This is a small utility for creating Clickhouse database schema from a Parquet file.
This is useful especially for Parquet files with nested schema where it is more natural
to expose them as Nested
types in the Clickhouse schema.
$ cargo run -- --help
Usage: schemagen --parquet-path <PARQUET_PATH> --clickhouse-schema-path <CLICKHOUSE_SCHEMA_PATH> \
--table-name <TABLE_NAME> --primary-key <PRIMARY_KEY>
Options:
--parquet-path <PARQUET_PATH>
Absolute path of the Parquet file to read the Parquet schema from
--clickhouse-schema-path <CLICKHOUSE_SCHEMA_PATH>
Absolute path where the Clickhouse schema will be written to
--table-name <TABLE_NAME>
The Clickhouse table name
--primary-key <PRIMARY_KEY>
The Clickhouse table primary key
-h, --help
Print help
For example, if we have a Parquet file /tmp/p.parquet
with the following data:
+---+----+----------+-------+
|id |b |c |d |
+---+----+----------+-------+
|42 |null|{foo, bar}|[{foo}]|
+---+----+----------+-------+
The schema of the data is (this is shown in the Apache Spark schema format since its much easier to read than the full blow Parquet schema):
root
|-- id: integer (nullable = true)
|-- b: string (nullable = true)
|-- c: struct (nullable = true)
| |-- a: string (nullable = true)
| |-- b: string (nullable = true)
|-- d: array (nullable = true)
| |-- element: struct (containsNull = true)

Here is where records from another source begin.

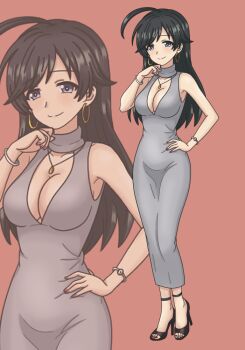 1girl ahoge black_hair blue_eyes blush breasts cleavage dress earrings full_body girls_und_panzer grey_dress isuzu_hana jewelry kkonmulbeom_nyomy larg_breasts long_hair nail_polish necklace simple_background smile solo standing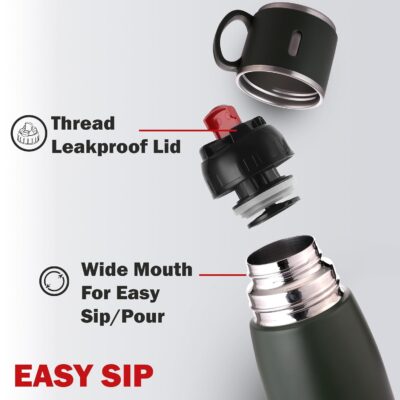 CELLO Duro Cup Style Thermosteel Flask, 750ml, Military Green | 24 Hours Hot & Cold Bottle | Dual Purpose Cup & Cap| Flask for tea coffee | Ideal For Office, Gym, Home, Kitchen,Trekking, Travel Bottle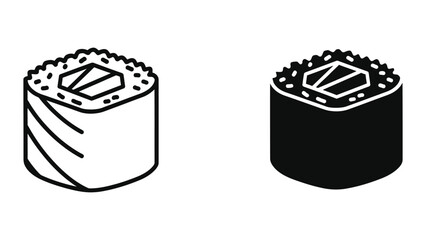 Sushi roll illustrations in black and white © jpgmarket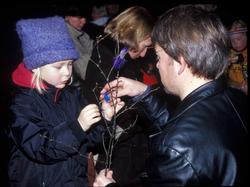 Feiring av fastelavn på Norsk Folkemuseum. Barna lagde faste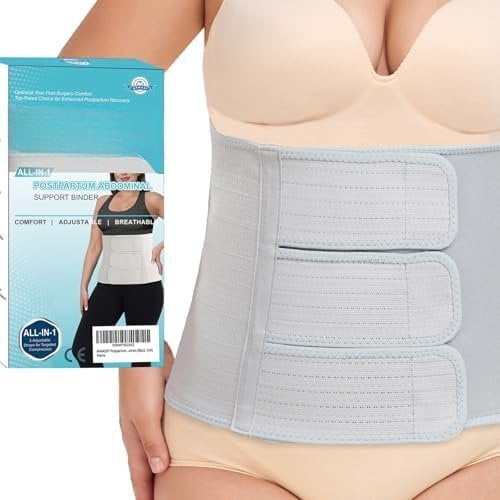 Band Binder for Delivery & C-Section, Adjustable Compression Wrap, Support Belt (Gray, X-Large)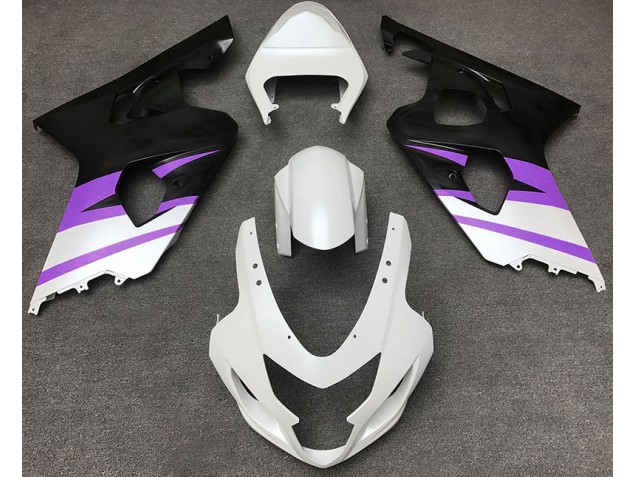 2004-2005 Matte White & Purple Suzuki GSXR 600-750 Motorcycle Fairing 2004-2005 Matte White & Purple Suzuki GSXR 600-750 Motorcycle Fairing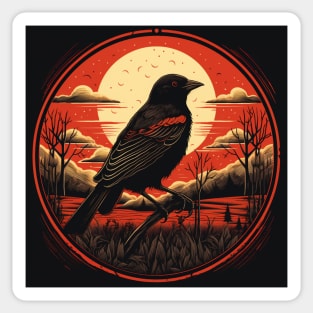 Red Winged Blackbird sunset Sticker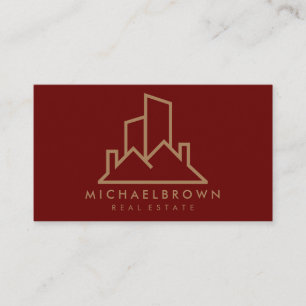 Burgund Immobilienmakler Hausdach-Logo Modern Visitenkarte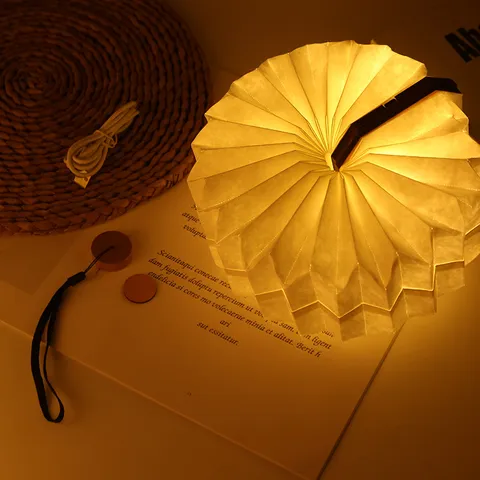 USB Oplaadbare Opvouwbare Accordeon Boek Lamp Hout Sfeer Draagbare Nachtlampje Creatieve Vouwen Bureaulamp Huisdecoratie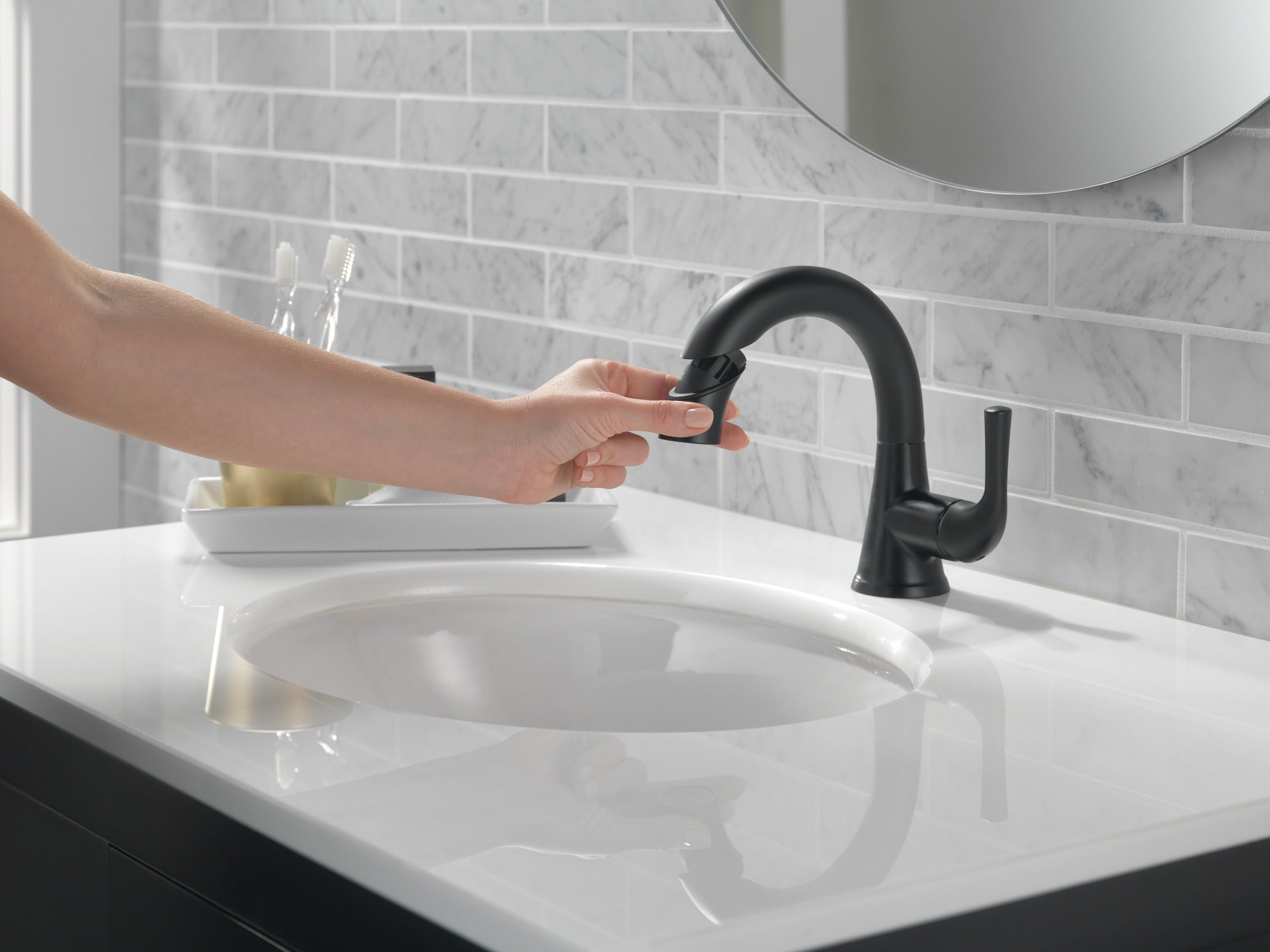 Delta Kayra® Single Handle Pull-Down Bathroom Faucet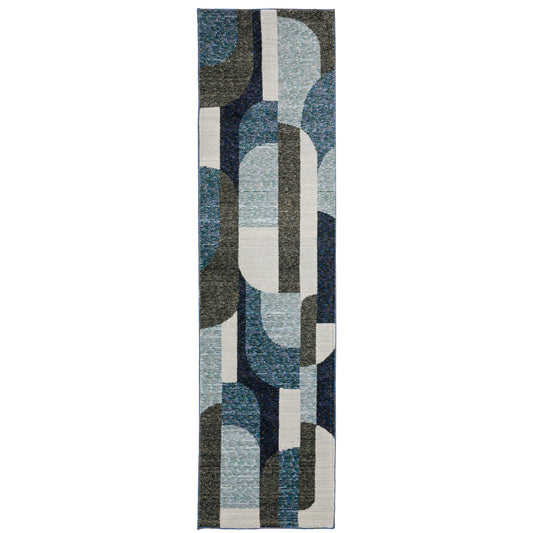 Strada Blue Grey Modern & Contemporary Geometric Indoor Rug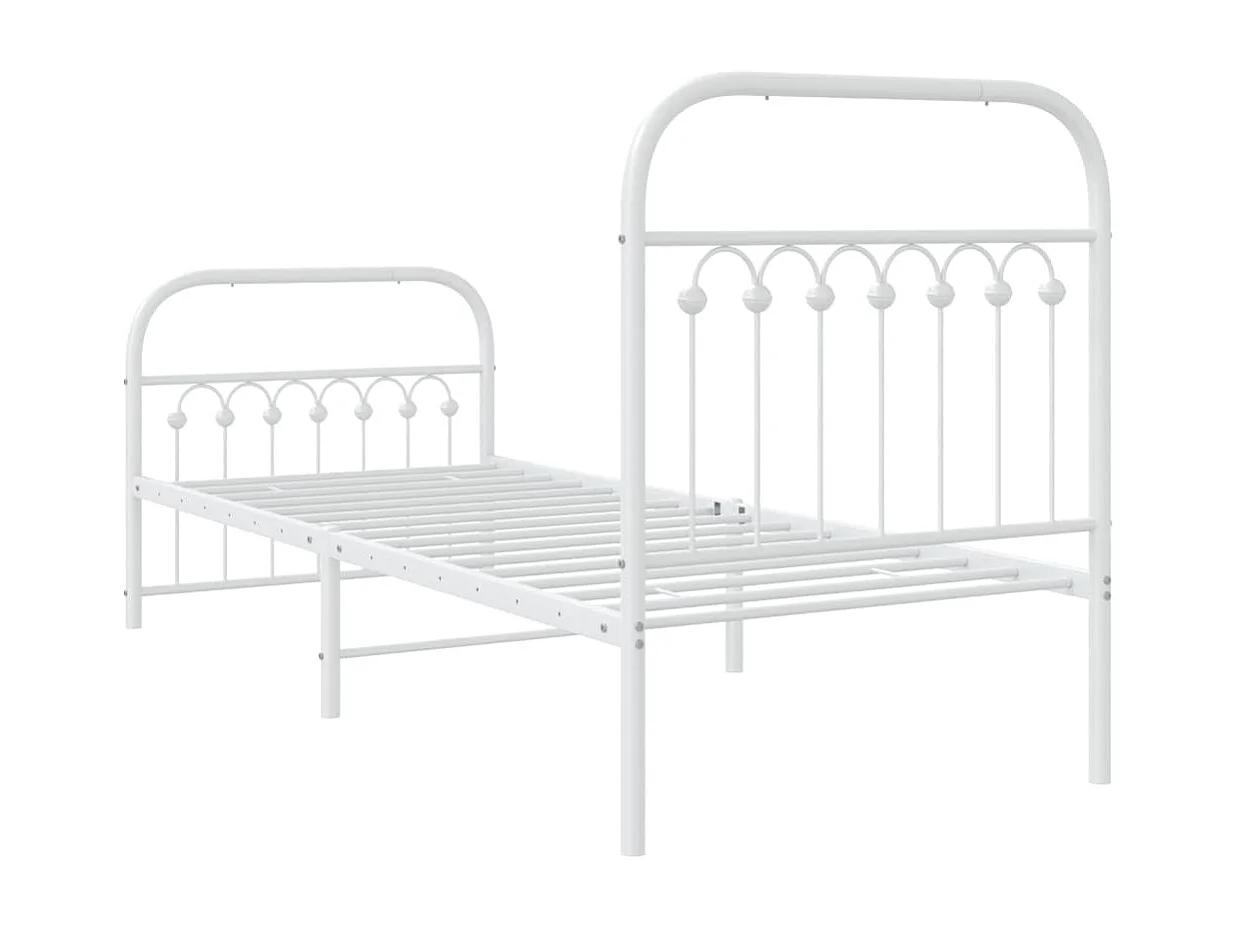 Estrutura de cama com cabeceira e pés 75x190 cm metal branco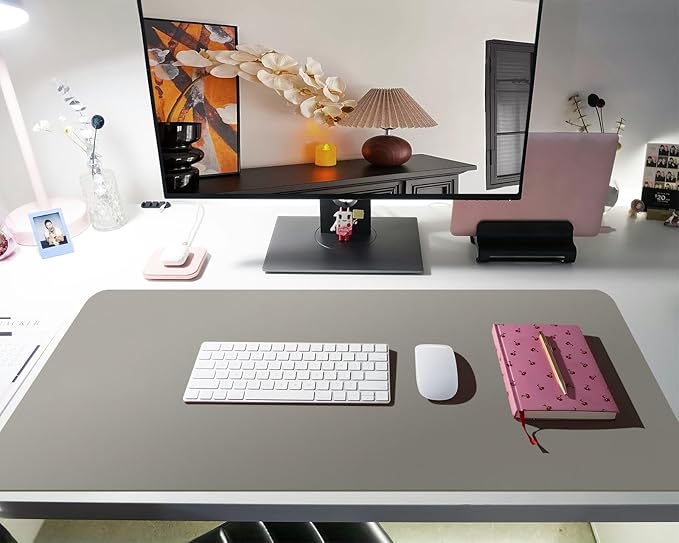 Bloss Grey Desk Mat, Leather Desk Pad, Desk Matt - Image 3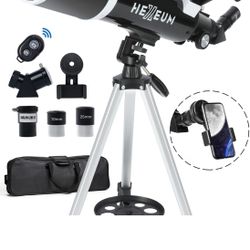 Telescope for Adults & Beginner - 80mm Aperture 600mm Fully Multi-Coated High Transmission Coatings with AZ Mount Tripod Phone Adapter, Carrying Bag, 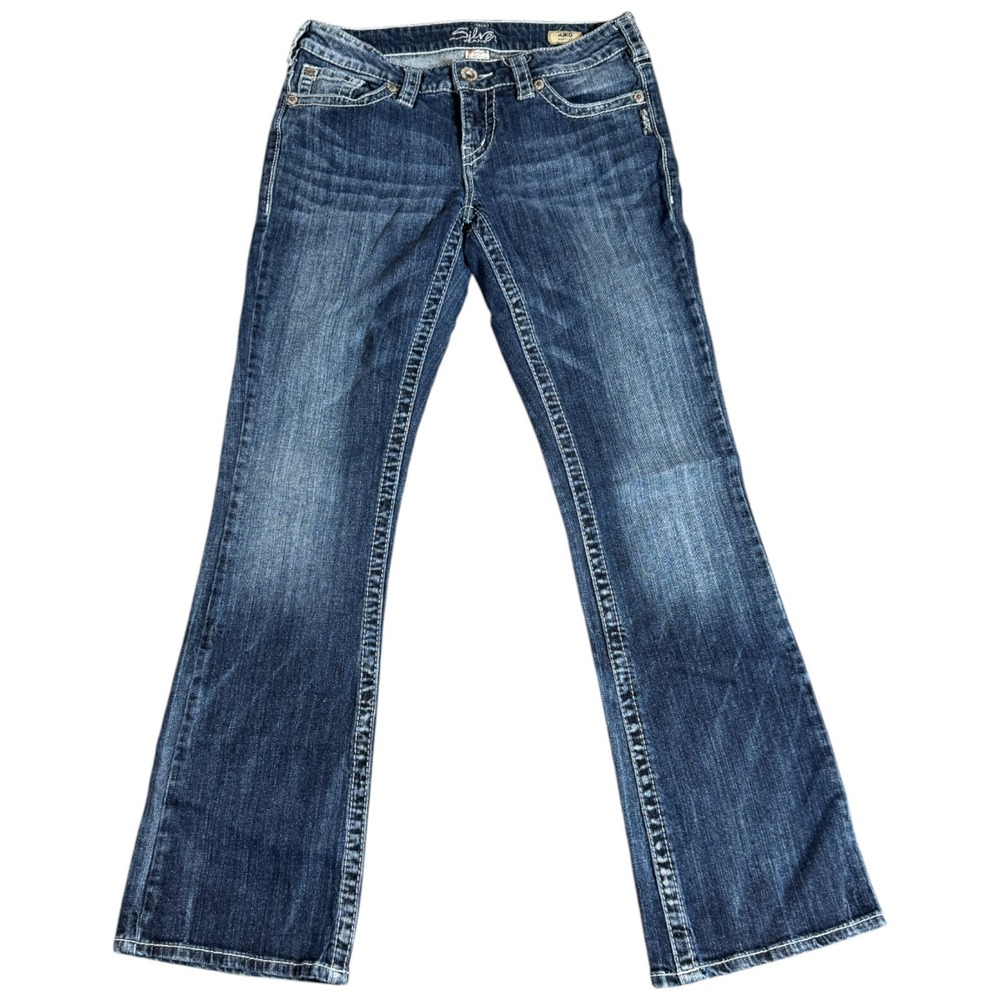 Silver Jeans Aiko 29x33 BootCut Boot Denim Distressed Dark Wash Denim 90s‎ Y2K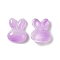 Electroplated Glass Cabochons, Rabbit, Medium Orchid, 10x8x3mm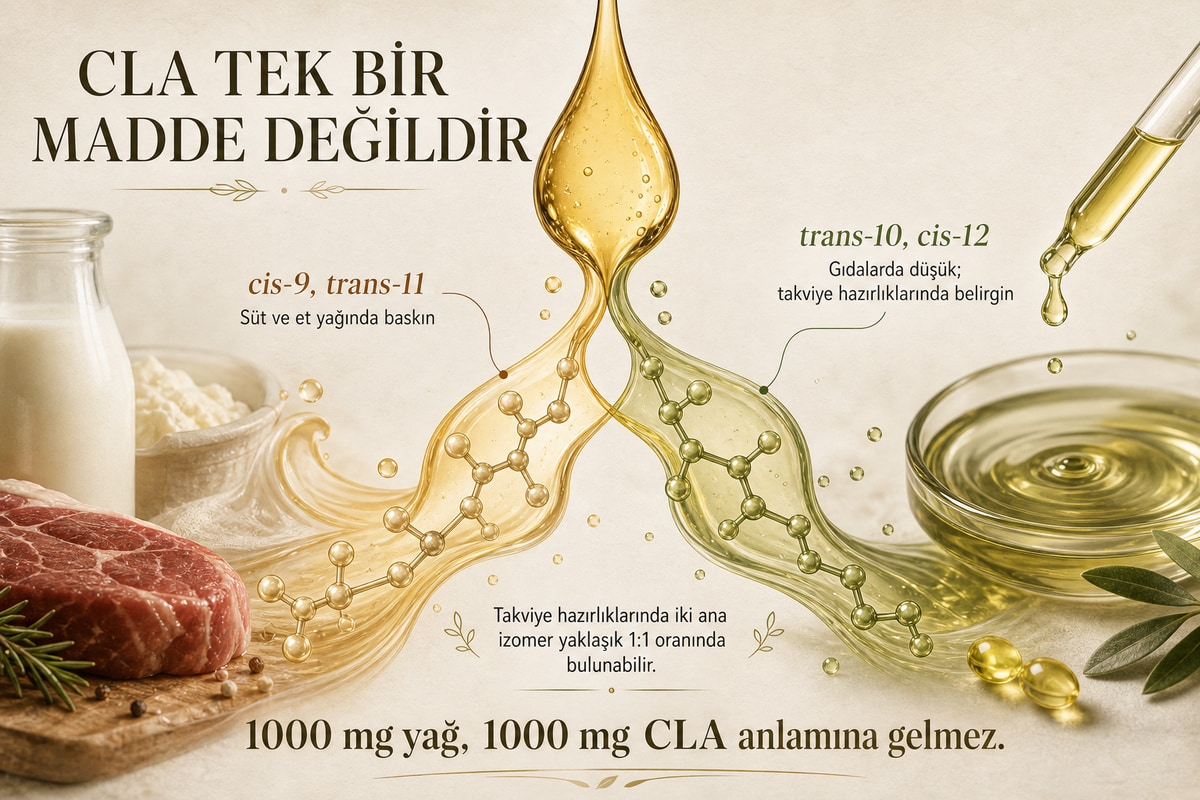 CLA'nın cis-9 trans-11 ve trans-10 cis-12 izomerlerinin kaynaklara göre dağılımı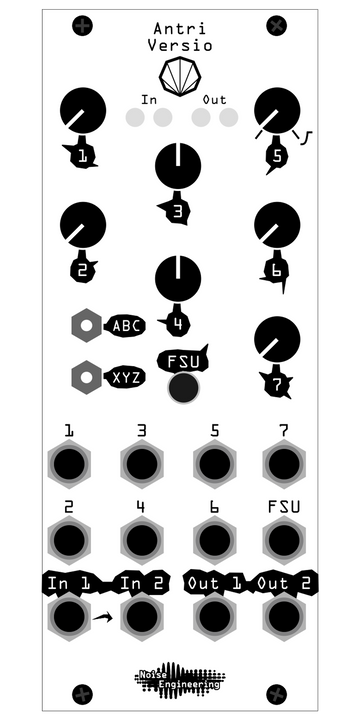 Load image into Gallery viewer, Stereo-in, stereo-out synthetic-tail generator reverb and DSP platform for Eurorack. Image shows Antri faceplate in silver which has all parameters numbered, generally preferred for users developing their own firmwares. | Desmodus Versio by Noise Engineering
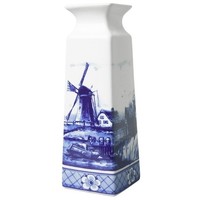 Heinen Delftware Delfter blaue Vase quadratisch Windmühlenlandschaft groß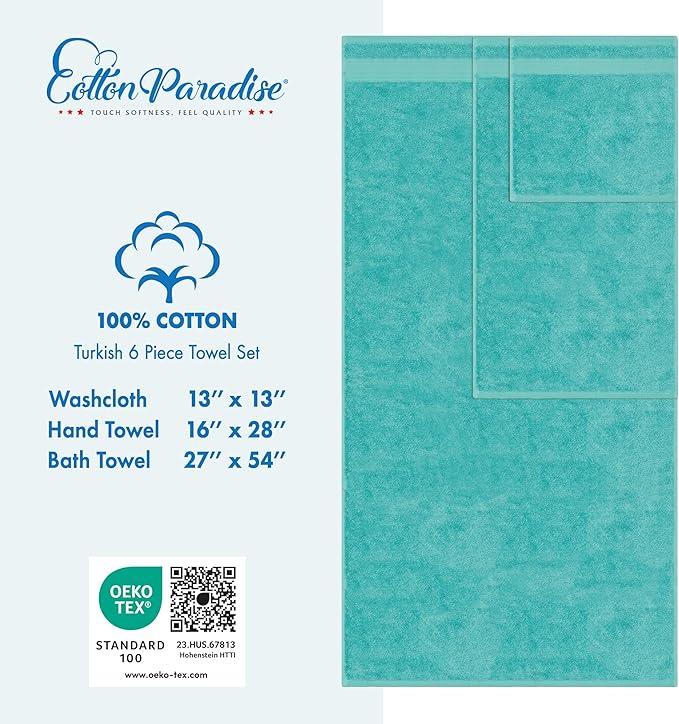 Cotton Paradise 6 Piece Towel Set 100% Cotton Soft Absorbent Turkish Towels for Bathroom 2 Bath Towels 2 Hand Towels 2 Washcloths, Turquoise Towel Set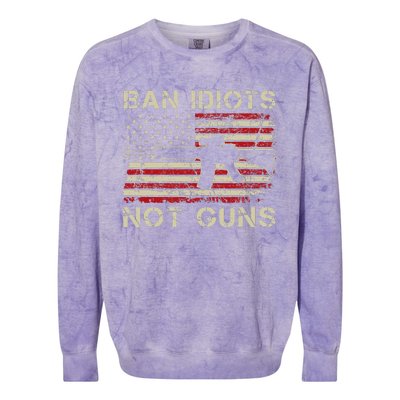 Ban Idiots Not Guns Ar15 Usa Flag 2nd Amendment Funny Gun Colorblast Crewneck Sweatshirt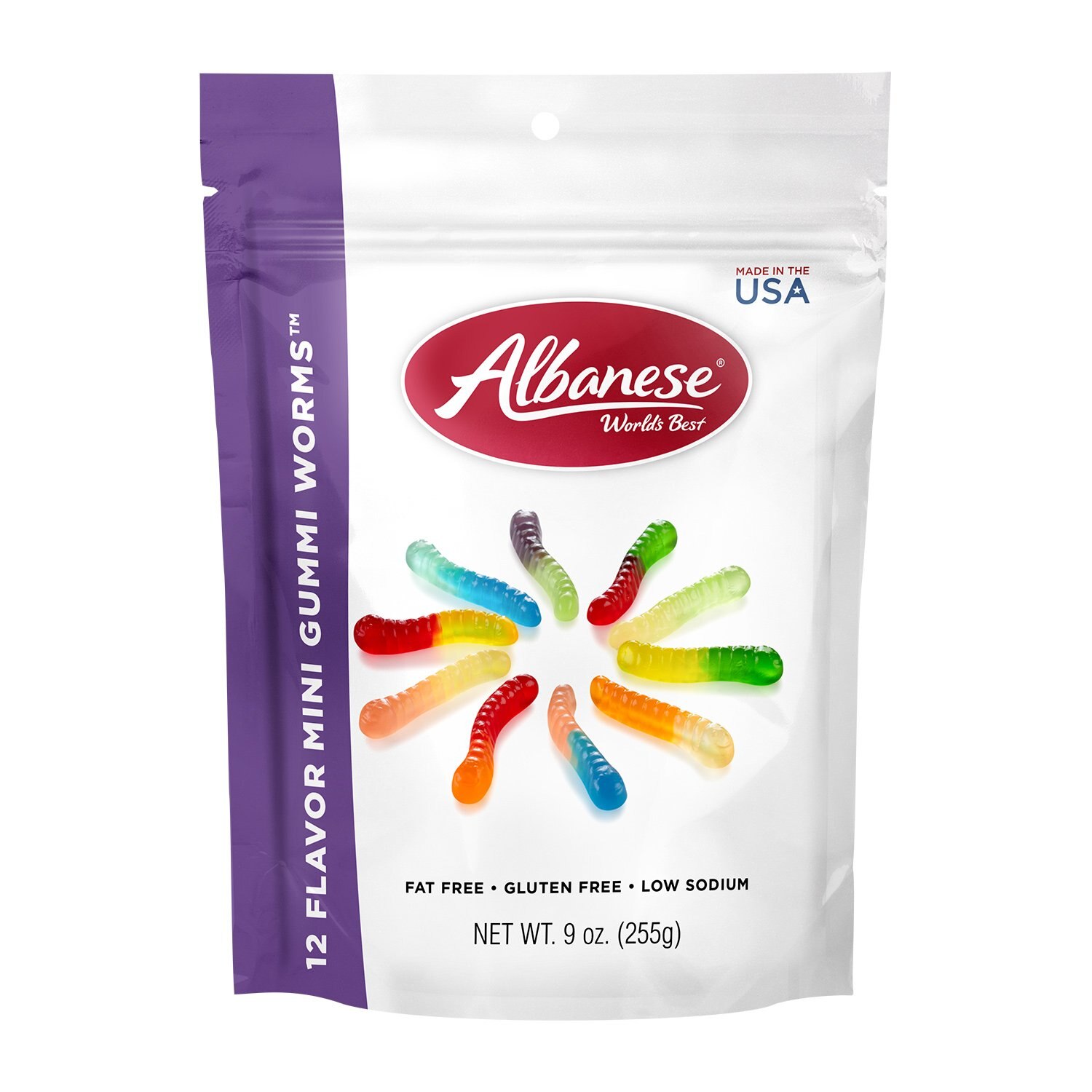 Albanese 12 Flavor Mini Gummi Worms, 9 oz image.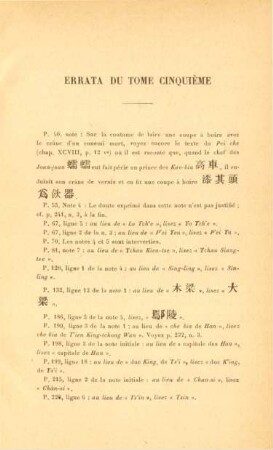 Errata du tome cinquième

| | |-- a: string (nullable = true)
If we want to generate the Clickhouse schema to a file named /tmp/clickhouse_schema.sql
for
a table named T
with primary key id
, run as follows:
cargo run -- --parquet-path /tmp/p.parquet --clickhouse-schema-path /tmp/clickhouse_schema.sql \
--table-name T --primary-key id
The Clickhouse schema that's generated will be as follows:
drop table if exists T;
create table T (
id Int32
, b Nullable(String)
, c Tuple(
a Nullable(String)
, b Nullable(String)
)
, d Nested (
a Nullable(String)
)
) engine = MergeTree() primary key (id);
The resulting Clickhouse schema can be used to create the table in a number of ways. The simplest is to use the Clickhouse command line client. For example (note that this will drop the table if it exists as can be seen in the generated code above):
cat /tmp/clickhouse_schema.sql | clickhouse-client --multiquery
The clickhouse-client
may need additional parameters such as as username and password, depending
on the way Clickhouse is configured.